(Beginning of EXERCISE DATA)

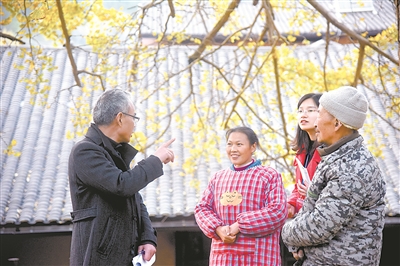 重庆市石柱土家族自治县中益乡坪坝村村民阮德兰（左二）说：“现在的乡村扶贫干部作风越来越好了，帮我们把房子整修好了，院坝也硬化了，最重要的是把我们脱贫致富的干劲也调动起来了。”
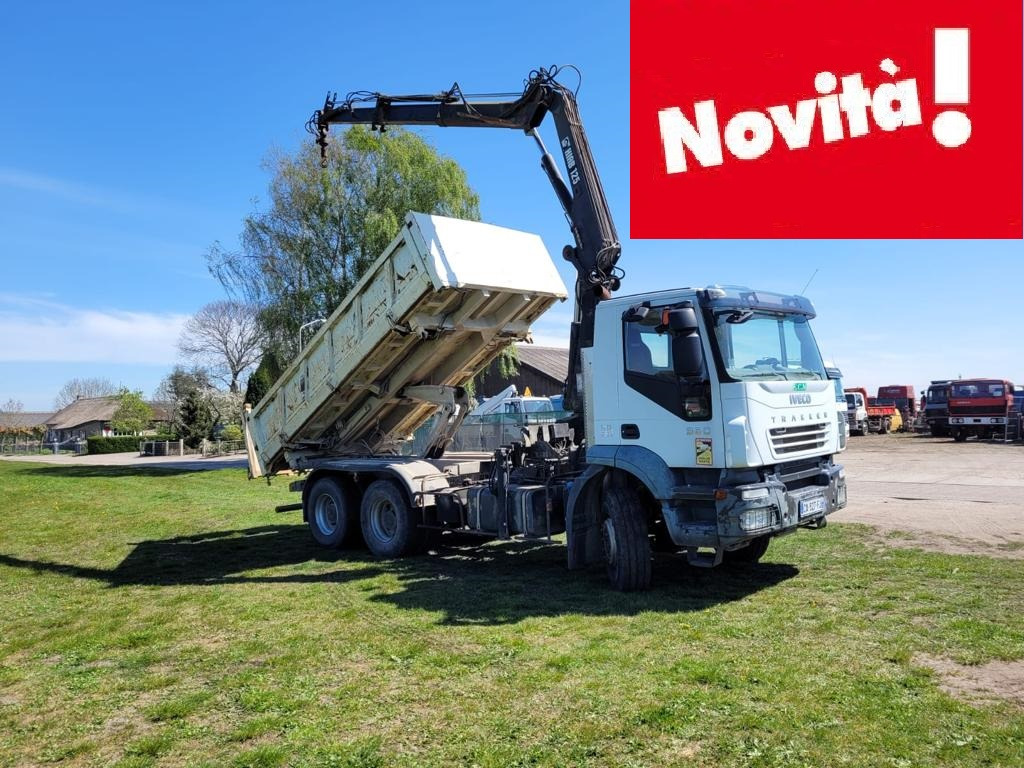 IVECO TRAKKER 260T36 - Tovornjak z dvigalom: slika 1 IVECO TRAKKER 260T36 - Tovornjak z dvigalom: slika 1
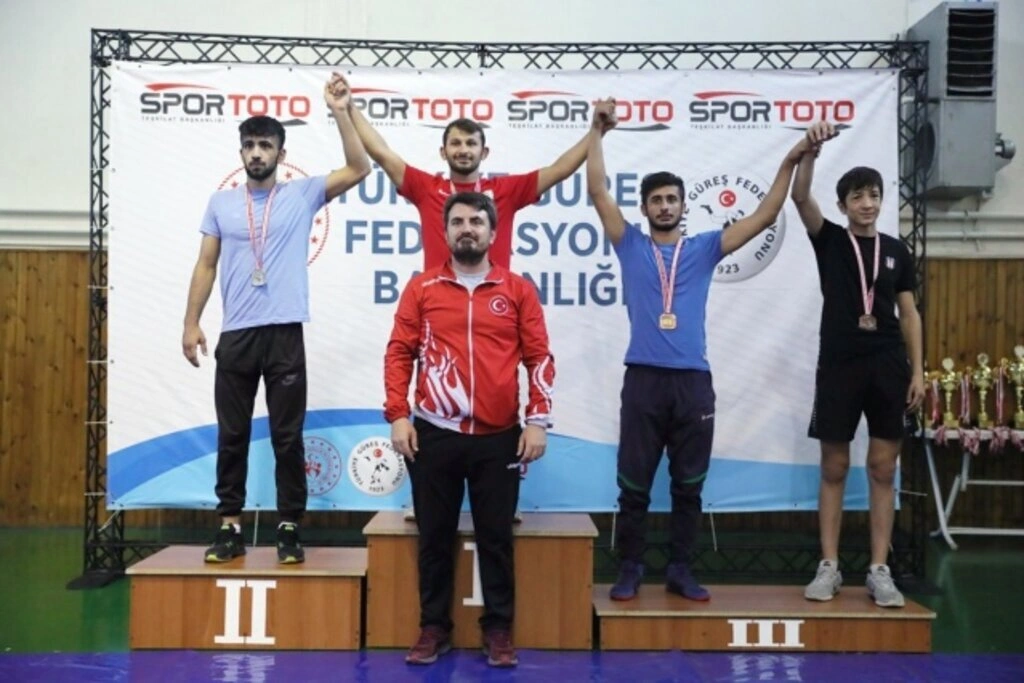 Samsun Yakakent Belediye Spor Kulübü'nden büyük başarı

(End of EXERCISE DATA)

__WORK TO COMPLETE__.
Copy each line of the listing exactly, skipping any picture.

__OUTPUT BELOW__.
 重庆市石柱土家族自治县中益乡坪坝村村民阮德兰（左二）说：“现在的乡村扶贫干部作风越来越好了，帮我们把房子整修好了，院坝也硬化了，最重要的是把我们脱贫致富的干劲也调动起来了。”
 IVECO TRAKKER 260T36 - Tovornjak z dvigalom: slika 1 IVECO TRAKKER 260T36 - Tovornjak z dvigalom: slika 1
 Samsun Yakakent Belediye Spor Kulübü'nden büyük başarı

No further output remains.